* _AVAILABLE DATA_:
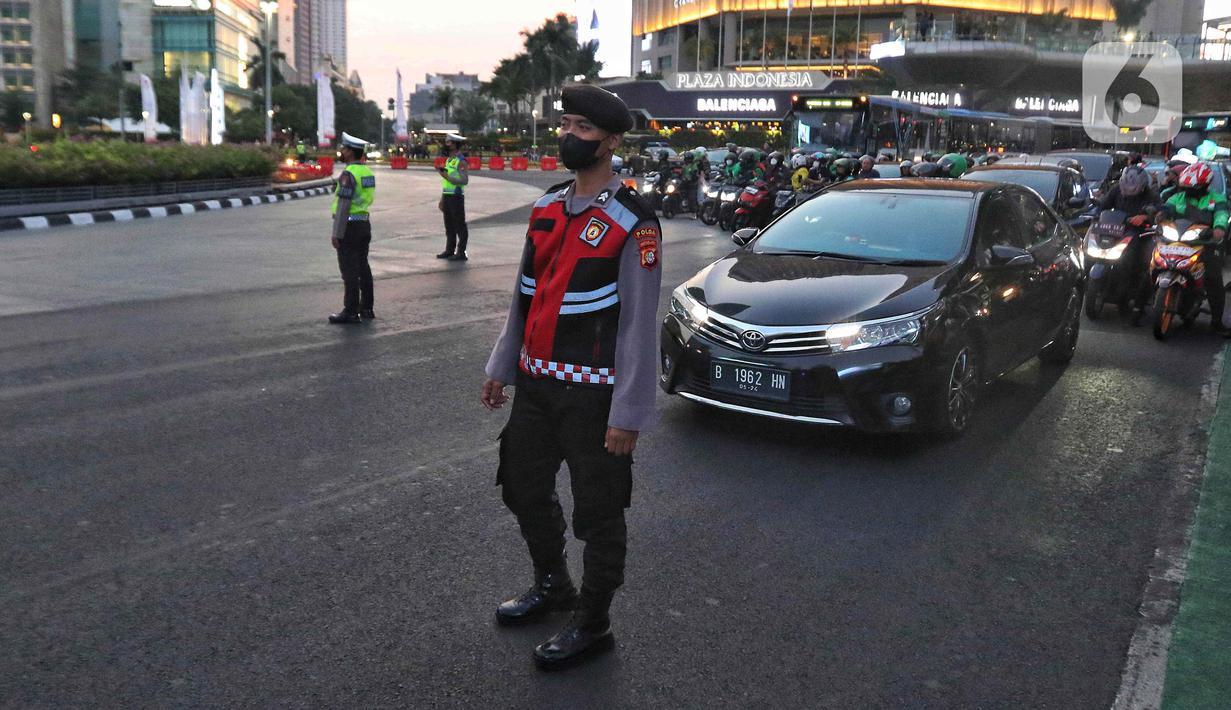 Buka tutup untuk merekayasa arus lalu lintas agar tidak terjadi kemacetan di sepanjang jalan-jalan protokol. (Liputan6.com/Angga Yuniar)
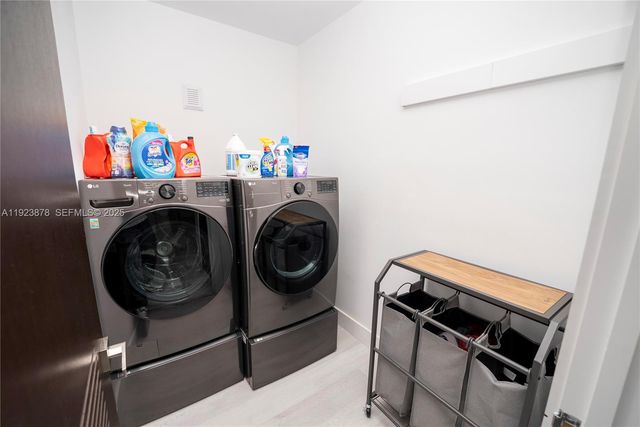 8340 NW 33 Terrace, Doral, FL 33122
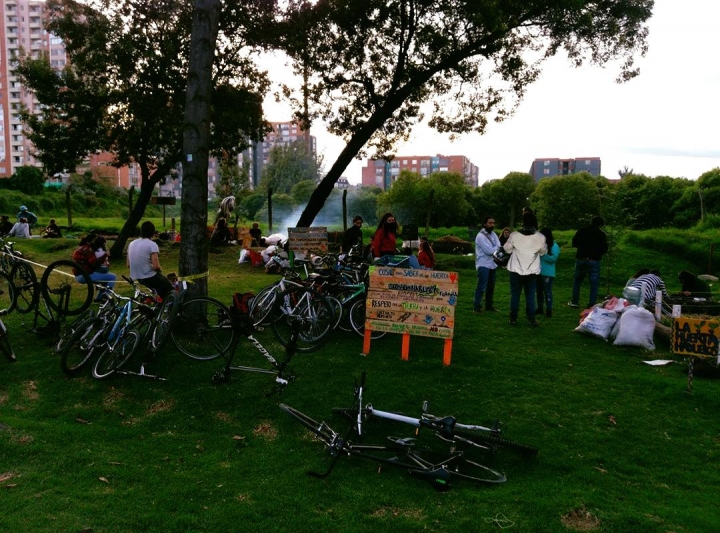 La comunidad se reúne para participar en distintas actividades recreativas.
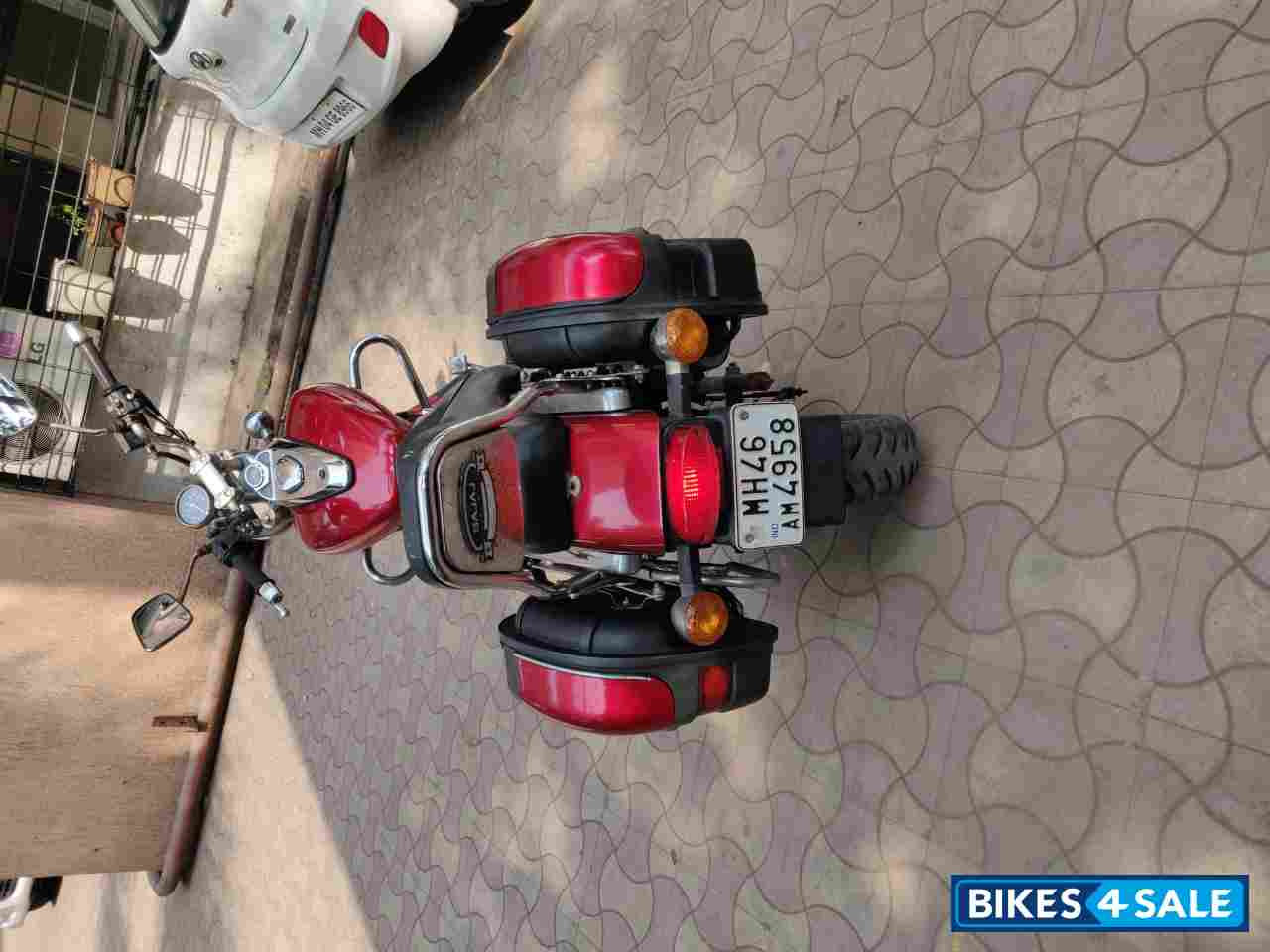 Bajaj Avenger Street 220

* _YOUR GOAL_:
Write out the data above exactly, minus any images.

* _SOLUTION TO THIS EXERCISE_:
 Buka tutup untuk merekayasa arus lalu lintas agar tidak terjadi kemacetan di sepanjang jalan-jalan protokol. (Liputan6.com/Angga Yuniar)
 8340 NW 33 Terrace, Doral, FL 33122
 La comunidad se reúne para participar en distintas actividades recreativas.
 Bajaj Avenger Street 220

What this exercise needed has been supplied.